Sum of numbers to infinity :

Let the sum be $S$ . Then

$\begin{aligned} S & = 1 +2+3+\cdots +10^n \\ & = \frac {10^n(10^n+1)}2 \\ & = (5 \times 10^{n-1})(10^n+1) \\ & = 5 × 10^{2n-1} + 5 × 10^{n-1} \\ & = 5 \underbrace{0000 \cdots 0000}_{\text{number of 0s} = n-1} 5 \underbrace{0000 \cdots 0000}_{\text{number of 0s} = n-1} \end{aligned}$

Therefore the sum of digits of $S$ is $5+5=\boxed{10}$ .

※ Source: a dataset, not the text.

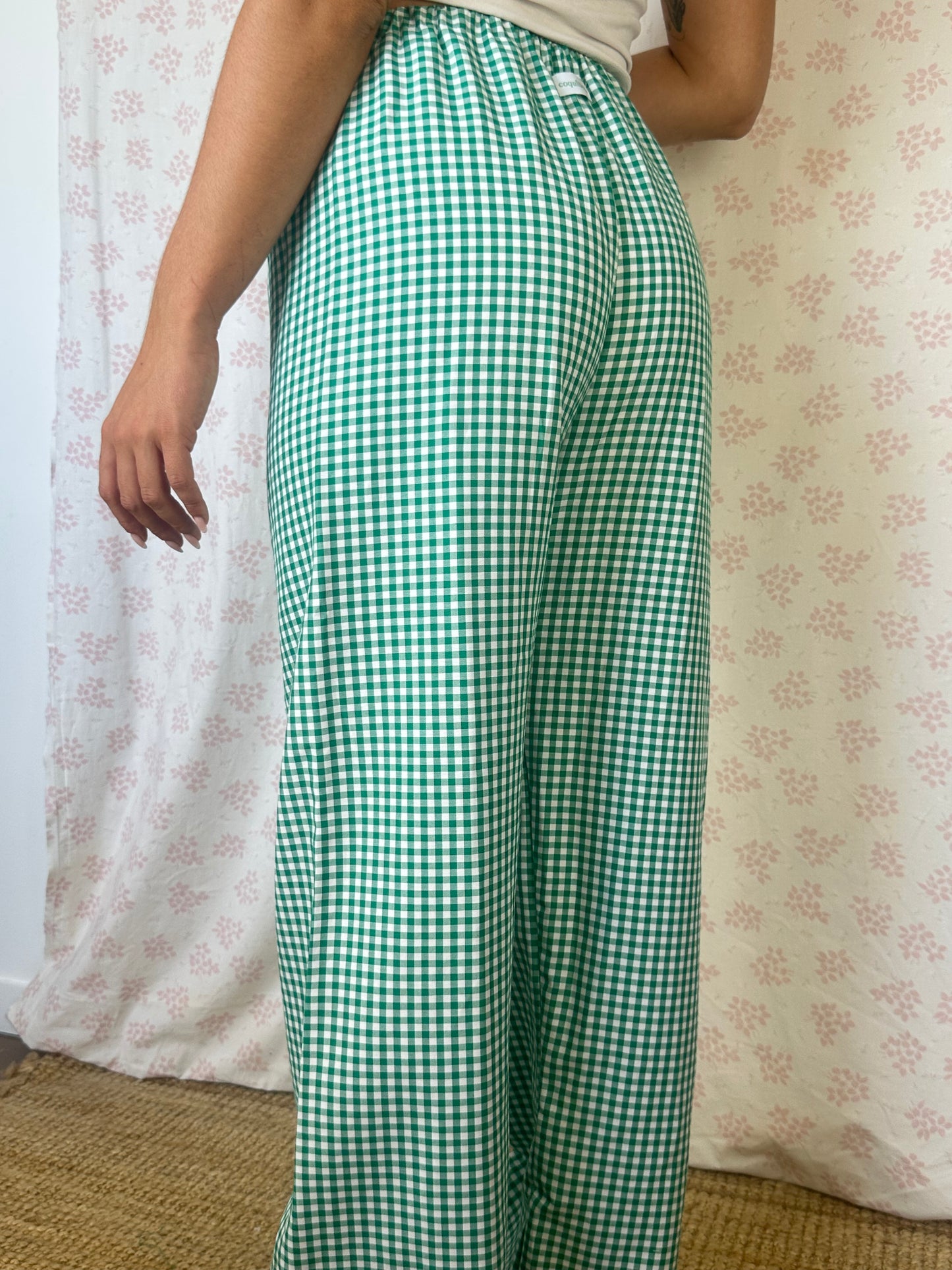 Pantalon Vichy Vert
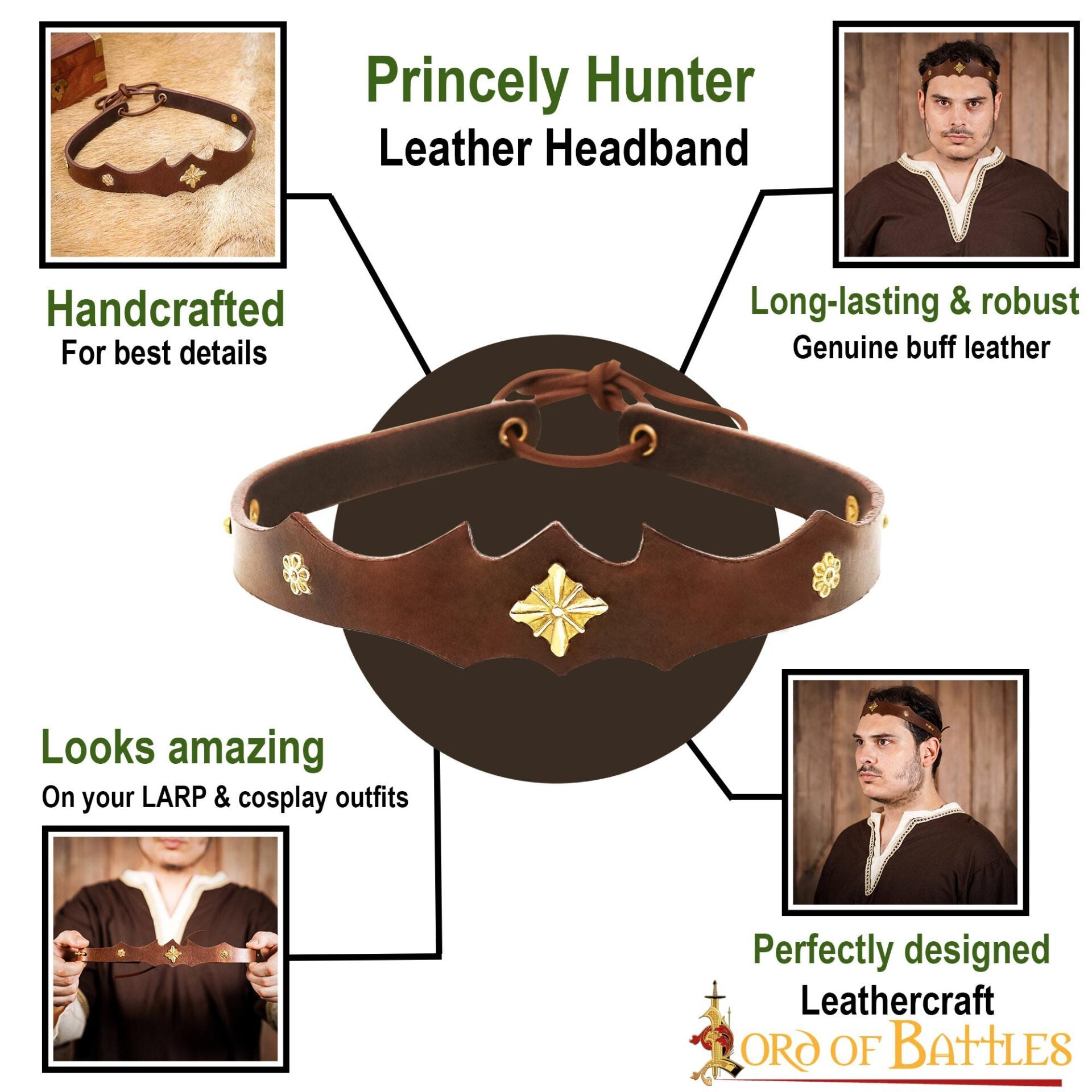 Diadema de Cuero de Cazador Principesco con Monturas de Latón Puro - Imagen 10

S = 1 + 2 + 3 + . . . . . . . + 10^n ; S = [( 10^n ) / 2 ] + [(10^2n ) / 2 ] = [ 5 . 10^( n - 1 ) ] + [ 5 . 10^( 2n - 1 ) ] ; So for ( n = 1 ) ; S = 55 And for ( n = 2 ) ; S = 5050 ; for ( n = 3 ) ; S = 500500 ; And So On : So the Sum of All digits of ( S ) Is ( 5 + 5 = 10 ) : That Is True .

let $S = \sum\limits_{i=1}^{10^n-1} i$ then $9 | S$ , that implies the digits sum of $S$ must be 9. And the digits sum of $10^n$ is 1. So the answer is true.